=== Section Start ===
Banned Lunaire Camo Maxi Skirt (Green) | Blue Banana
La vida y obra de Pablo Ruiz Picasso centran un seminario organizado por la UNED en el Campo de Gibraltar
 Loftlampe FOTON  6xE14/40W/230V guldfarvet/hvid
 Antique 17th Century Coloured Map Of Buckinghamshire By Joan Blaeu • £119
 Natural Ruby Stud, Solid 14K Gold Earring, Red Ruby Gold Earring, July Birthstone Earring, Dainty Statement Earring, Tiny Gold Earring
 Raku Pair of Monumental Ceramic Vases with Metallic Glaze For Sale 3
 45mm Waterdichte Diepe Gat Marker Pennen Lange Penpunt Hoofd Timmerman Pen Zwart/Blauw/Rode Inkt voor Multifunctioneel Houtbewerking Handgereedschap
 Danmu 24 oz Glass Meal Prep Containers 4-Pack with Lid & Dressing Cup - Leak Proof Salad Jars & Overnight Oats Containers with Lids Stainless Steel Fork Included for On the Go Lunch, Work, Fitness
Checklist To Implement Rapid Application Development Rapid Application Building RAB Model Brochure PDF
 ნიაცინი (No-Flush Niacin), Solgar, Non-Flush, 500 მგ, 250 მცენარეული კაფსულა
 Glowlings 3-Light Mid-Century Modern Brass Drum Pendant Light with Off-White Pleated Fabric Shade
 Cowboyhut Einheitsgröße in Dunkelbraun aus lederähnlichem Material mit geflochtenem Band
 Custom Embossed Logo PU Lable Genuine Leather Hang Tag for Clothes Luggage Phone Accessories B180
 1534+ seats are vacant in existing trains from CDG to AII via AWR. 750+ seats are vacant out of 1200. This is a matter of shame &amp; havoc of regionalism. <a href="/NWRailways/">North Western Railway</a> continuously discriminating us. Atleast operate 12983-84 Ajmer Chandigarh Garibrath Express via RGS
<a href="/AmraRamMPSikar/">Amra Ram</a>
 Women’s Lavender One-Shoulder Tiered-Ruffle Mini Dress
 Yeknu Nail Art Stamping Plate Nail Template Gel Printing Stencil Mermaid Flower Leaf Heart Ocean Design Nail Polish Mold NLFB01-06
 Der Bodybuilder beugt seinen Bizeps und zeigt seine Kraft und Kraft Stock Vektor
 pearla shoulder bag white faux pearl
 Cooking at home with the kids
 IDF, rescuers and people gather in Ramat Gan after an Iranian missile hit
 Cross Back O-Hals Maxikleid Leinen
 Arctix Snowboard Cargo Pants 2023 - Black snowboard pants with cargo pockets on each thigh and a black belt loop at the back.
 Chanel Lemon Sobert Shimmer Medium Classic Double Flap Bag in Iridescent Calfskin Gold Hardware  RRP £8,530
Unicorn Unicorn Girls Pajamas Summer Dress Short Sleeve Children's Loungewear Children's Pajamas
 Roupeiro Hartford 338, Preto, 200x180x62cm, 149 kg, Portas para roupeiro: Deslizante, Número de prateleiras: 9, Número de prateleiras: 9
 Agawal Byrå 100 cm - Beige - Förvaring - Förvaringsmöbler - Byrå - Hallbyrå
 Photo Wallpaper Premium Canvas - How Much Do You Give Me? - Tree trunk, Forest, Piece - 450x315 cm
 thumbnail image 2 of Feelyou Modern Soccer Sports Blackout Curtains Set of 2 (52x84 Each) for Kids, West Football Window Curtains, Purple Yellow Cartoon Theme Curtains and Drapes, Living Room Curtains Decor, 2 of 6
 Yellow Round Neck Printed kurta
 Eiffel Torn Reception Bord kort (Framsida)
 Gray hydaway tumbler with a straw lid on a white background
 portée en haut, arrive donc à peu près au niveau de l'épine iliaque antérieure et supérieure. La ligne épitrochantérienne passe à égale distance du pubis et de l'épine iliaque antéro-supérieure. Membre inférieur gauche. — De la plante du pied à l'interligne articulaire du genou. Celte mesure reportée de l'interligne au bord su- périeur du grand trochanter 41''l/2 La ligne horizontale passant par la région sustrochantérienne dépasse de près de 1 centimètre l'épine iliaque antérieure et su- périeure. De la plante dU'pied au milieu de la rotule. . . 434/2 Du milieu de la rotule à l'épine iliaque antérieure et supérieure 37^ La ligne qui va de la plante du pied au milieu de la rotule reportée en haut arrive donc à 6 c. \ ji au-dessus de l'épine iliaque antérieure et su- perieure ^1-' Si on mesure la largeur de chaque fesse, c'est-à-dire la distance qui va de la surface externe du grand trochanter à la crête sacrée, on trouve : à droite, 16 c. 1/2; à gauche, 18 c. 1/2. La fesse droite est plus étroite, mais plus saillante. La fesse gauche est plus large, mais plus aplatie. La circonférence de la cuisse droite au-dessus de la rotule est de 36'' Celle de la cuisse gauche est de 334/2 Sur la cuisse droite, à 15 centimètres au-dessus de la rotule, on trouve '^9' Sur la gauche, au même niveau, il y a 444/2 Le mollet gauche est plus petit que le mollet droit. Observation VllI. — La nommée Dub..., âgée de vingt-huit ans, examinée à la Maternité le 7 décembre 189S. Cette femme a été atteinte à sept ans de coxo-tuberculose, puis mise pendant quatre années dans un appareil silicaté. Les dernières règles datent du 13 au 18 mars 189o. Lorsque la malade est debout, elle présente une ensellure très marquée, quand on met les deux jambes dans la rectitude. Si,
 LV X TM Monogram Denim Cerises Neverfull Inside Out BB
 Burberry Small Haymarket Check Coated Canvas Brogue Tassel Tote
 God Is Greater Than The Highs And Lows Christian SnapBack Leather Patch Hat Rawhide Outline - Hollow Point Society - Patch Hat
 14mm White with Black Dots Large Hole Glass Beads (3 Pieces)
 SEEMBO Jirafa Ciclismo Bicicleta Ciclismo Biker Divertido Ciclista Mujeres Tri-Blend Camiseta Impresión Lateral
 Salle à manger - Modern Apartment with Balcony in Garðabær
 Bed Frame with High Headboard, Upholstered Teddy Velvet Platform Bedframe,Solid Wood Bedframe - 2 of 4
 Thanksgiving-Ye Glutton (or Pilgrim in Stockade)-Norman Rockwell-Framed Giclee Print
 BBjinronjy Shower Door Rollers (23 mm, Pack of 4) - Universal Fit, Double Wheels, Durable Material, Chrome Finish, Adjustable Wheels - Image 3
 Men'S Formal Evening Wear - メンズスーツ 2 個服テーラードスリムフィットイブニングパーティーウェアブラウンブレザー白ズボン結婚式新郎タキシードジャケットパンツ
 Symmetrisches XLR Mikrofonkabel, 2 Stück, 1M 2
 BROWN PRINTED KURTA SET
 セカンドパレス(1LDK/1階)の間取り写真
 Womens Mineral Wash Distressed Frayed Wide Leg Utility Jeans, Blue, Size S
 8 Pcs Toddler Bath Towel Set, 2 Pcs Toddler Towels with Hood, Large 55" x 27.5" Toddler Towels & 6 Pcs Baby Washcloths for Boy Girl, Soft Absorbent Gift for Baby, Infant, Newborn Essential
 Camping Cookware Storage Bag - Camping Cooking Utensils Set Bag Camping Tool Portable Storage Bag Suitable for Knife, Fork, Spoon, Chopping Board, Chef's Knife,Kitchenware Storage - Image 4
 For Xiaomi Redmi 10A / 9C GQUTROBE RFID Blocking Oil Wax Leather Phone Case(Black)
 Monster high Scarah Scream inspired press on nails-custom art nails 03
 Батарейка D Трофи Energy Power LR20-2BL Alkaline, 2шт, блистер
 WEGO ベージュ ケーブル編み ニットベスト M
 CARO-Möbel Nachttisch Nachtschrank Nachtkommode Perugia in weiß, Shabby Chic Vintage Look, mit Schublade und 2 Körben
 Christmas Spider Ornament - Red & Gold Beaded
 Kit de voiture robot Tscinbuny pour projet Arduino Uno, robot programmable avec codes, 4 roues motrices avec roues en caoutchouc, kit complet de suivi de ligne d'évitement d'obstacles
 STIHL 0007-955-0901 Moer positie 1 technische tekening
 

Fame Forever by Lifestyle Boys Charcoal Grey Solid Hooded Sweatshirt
=== Section End ===
Work instructions
Copy, please, every line from the start of the entries down to the line that holds "Checklist To Implement", with both of those lines included and no others.

Exercise response
Banned Lunaire Camo Maxi Skirt (Green) | Blue Banana
La vida y obra de Pablo Ruiz Picasso centran un seminario organizado por la UNED en el Campo de Gibraltar
 Loftlampe FOTON  6xE14/40W/230V guldfarvet/hvid
 Antique 17th Century Coloured Map Of Buckinghamshire By Joan Blaeu • £119
 Natural Ruby Stud, Solid 14K Gold Earring, Red Ruby Gold Earring, July Birthstone Earring, Dainty Statement Earring, Tiny Gold Earring
 Raku Pair of Monumental Ceramic Vases with Metallic Glaze For Sale 3
 45mm Waterdichte Diepe Gat Marker Pennen Lange Penpunt Hoofd Timmerman Pen Zwart/Blauw/Rode Inkt voor Multifunctioneel Houtbewerking Handgereedschap
 Danmu 24 oz Glass Meal Prep Containers 4-Pack with Lid & Dressing Cup - Leak Proof Salad Jars & Overnight Oats Containers with Lids Stainless Steel Fork Included for On the Go Lunch, Work, Fitness
Checklist To Implement Rapid Application Development Rapid Application Building RAB Model Brochure PDF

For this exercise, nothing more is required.